Hi Mathias,
thanks for your inquiry. In BaseX, adding documents and collections to an existing database will be slower than creating them bulk-wise, so I would generally recommend to use the Database -> New command, or "create db" on command line, and specify the directory to be parsed. This way, you should be able to completely build your database. If I'm wrong, you should try to deactive text and attribute indexing (Database -> New -> Indexes) and build the index structures afterwards via Database -> Properties.
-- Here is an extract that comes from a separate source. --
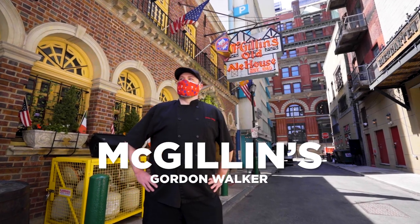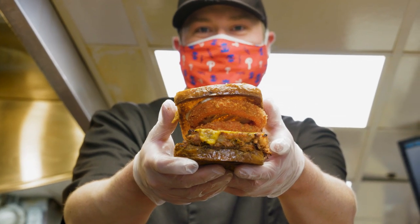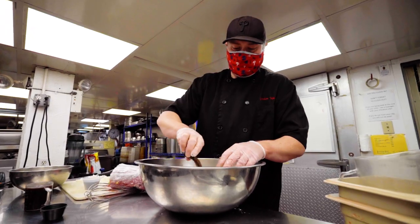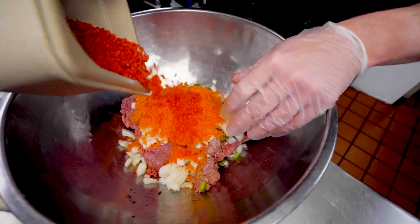I'm Chef Gordon Walker and today we're making a barbecue meatloaf stuffed with Herr's fire cheese curls and fire potato chips. Onions and green pepper, a half a cup of brown sugar, and then a cup and a half each of the cheese curls and the potato chips.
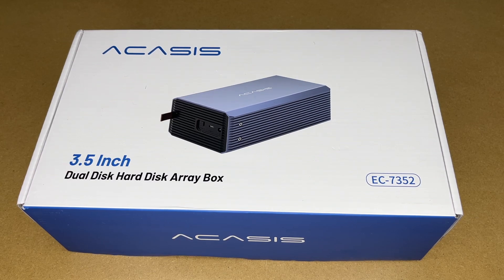Welcome. In this video I'm going to be taking a look at this Acasus 3.5 inch dual hard disk array box. This was provided to me by the distributor, but they're not compensating me for this video and they're not reviewing it before I post it. If you find this video helpful and want to purchase one, I'll put a link in the description and if you use that link it helps me out a little bit.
If database creation still fails, please provide us with more details:
– does the problem occur during the initial build step (which should take quasi-constant memory) or during indexing texts, attributes, or full-text? – which version of BaseX are you working with? – does the problem persist with the latest snapshot [1]?
Hope this helps, Christian
[1] http://files.basex.org/releases/latest/ ___________________________
BaseX Team Christian Grün Uni KN, Box 188 78457 Konstanz, Germany http://www.basex.org
On Sat, Jun 25, 2011 at 4:50 PM, Mathias K mathias.kahl@googlemail.com wrote:
Hello everyone! My name is Mathias. I'm using BaseX for an university project where we are creating a publication database. Right now we have 25 GB xml data spread over 180k documents. Ultimately I want to be able to perform Xquery searches on this data, possibly even full text. I'd like to know whether you think that BaseX is at all suitable for this amount of data. If yes, how would I add these files to the database optimally? If I use the BaseX GUI to add the folder an OutOfMemoryException is produced shortly after starting the process. Even providing more RAM (~7 GB via -Xmx7000M) only delays this. I haven't looked at the code but it appears as though all file contents are stored in RAM and are only written to hard disk at the end, which would at least explain the huge amounts of memory BaseX consumes. Since the GUI can't handle the files I wrote an importer myself which consecutively adds single files via the "Add" command. This seems to work without memory excess. However, it is taking ages to add all 180.000 files this way (several hours, haven't completed it yet). Maybe it's just further delaying the overflow since it's so slow. Also, this might just be my subjective feeling, but adding files seems to get slower as the database grows. Is there some kind of duplicate check going an that could be in the way? If yes, is there a way just to bulk insert all the data I got without checks?
I'd be grateful for any thoughts on this!